GOAL OF THE EXERCISE. Provide again, from the entries below, every line from the one containing "Oddílovka v tělocvičně" through the one containing "Cable Plug A", exactly as written, and no other line.

DATA FOR PROCESSING.
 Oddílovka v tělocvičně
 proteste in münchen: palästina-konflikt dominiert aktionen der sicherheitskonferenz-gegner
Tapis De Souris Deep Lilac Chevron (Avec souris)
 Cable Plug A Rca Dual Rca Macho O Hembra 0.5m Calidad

* * *

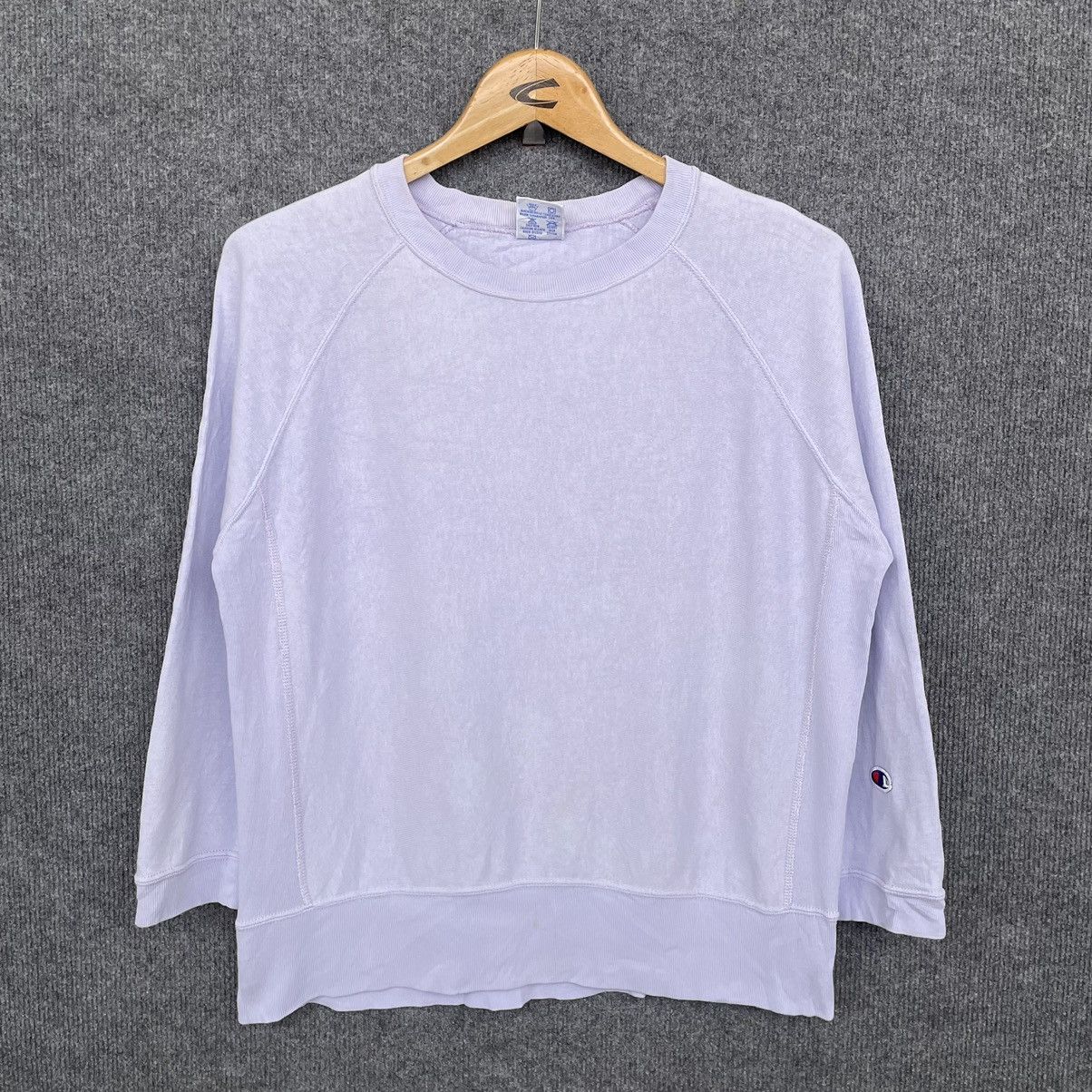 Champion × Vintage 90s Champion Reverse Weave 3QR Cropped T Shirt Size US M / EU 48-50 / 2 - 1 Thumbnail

RESULT BELOW.
 Oddílovka v tělocvičně
 proteste in münchen: palästina-konflikt dominiert aktionen der sicherheitskonferenz-gegner
Tapis De Souris Deep Lilac Chevron (Avec souris)
 Cable Plug A Rca Dual Rca Macho O Hembra 0.5m Calidad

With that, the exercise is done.